Differences Compared to Open Source Greenplum Database

Pivotal Greenplum 6.x includes all of the functionality in the open source Greenplum Database project and adds:
  • Product packaging and installation script.
  • Support for data connectors:
    • Greenplum-Spark Connector
    • Greenplum-Informatica Connector
    • Greenplum-Kafka Integration
    • Gemfire-Greenplum Connector
    • Greenplum Stream Server
  • Data Direct ODBC/JDBC Drivers
  • gpcopy utility for copying or migrating objects between Greenplum systems.
  • Support for managing Greenplum Database using Pivotal Greenplum Command Center.
  • Support for full text search and text analysis using Pivotal GPText.

Upgrading

Note: This Beta release contains system catalog updates. Perform a new install to use Greenplum 6 Beta-4, as upgrading from previous Beta releases is not possible.
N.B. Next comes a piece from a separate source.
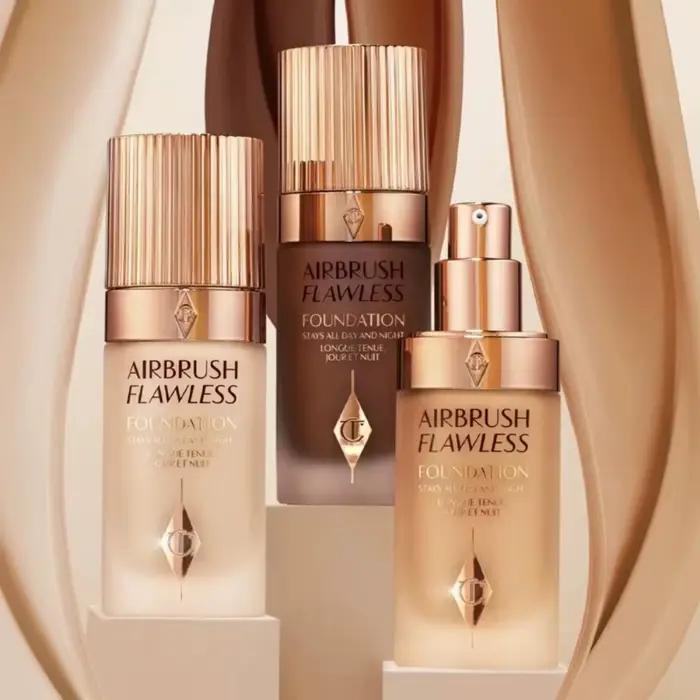 Fond de teint Airbrush Flawless de Charlotte Tilbury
Known Issues and Limitations

Pivotal Greenplum 6 Beta has these limitations:

  • Upgrading a Greenplum Database 4 or 5 release to Pivotal Greenplum 6 is not supported. See Upgrading.
  • gpcopy cannot yet copy data from Greenplum 4 or 5 to Greenplum 6.
  • Greenplum 6 Beta is not provided for installation on DCA systems.
  • The Windows Client connectivity package is not provided with this Beta release.
  • Greenplum for Kubernetes is not provided with this Beta.
  • The PostGIS and MADlib extension packages are not provided with this Beta release.
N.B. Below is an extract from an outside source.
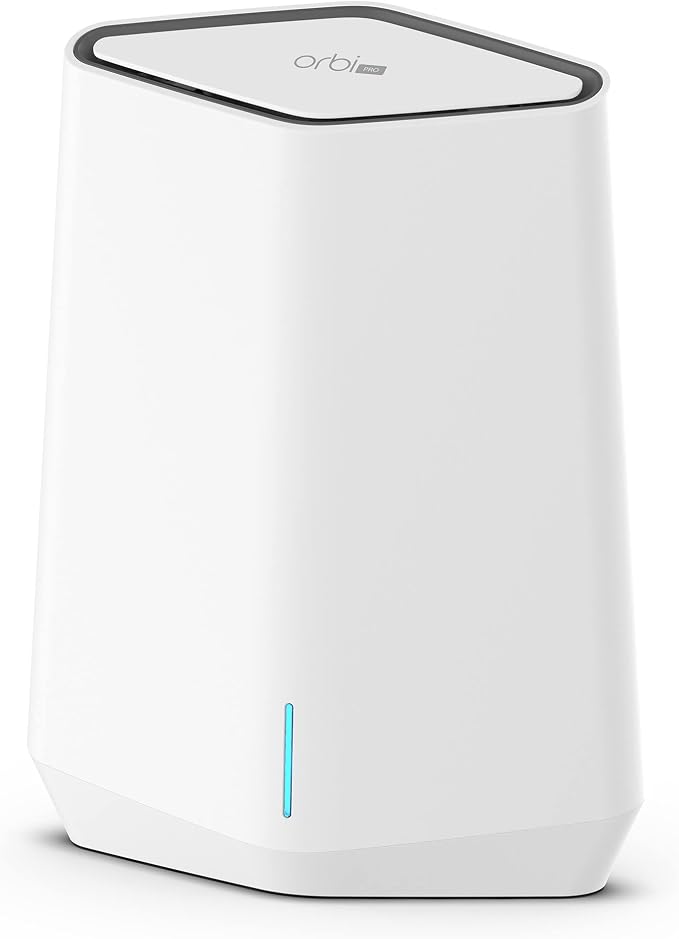 NETGEAR Orbi Pro WiFi 6 Tri-Band Mesh Add-on Satellite by NETGEAR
The following table lists key known issues in Pivotal Greenplum 6.x.

Table 2. Key Known Issues in Pivotal Greenplum 6.x
Issue Category Description
164791118 PL/R PL/R cannot be installed using the deprecated createlang utility, and displays the error:
createlang: language installation failed: ERROR:  no schema has been selected to create in
Workaround: Use CREATE EXTENSION to install PL/R, as described in the documentation.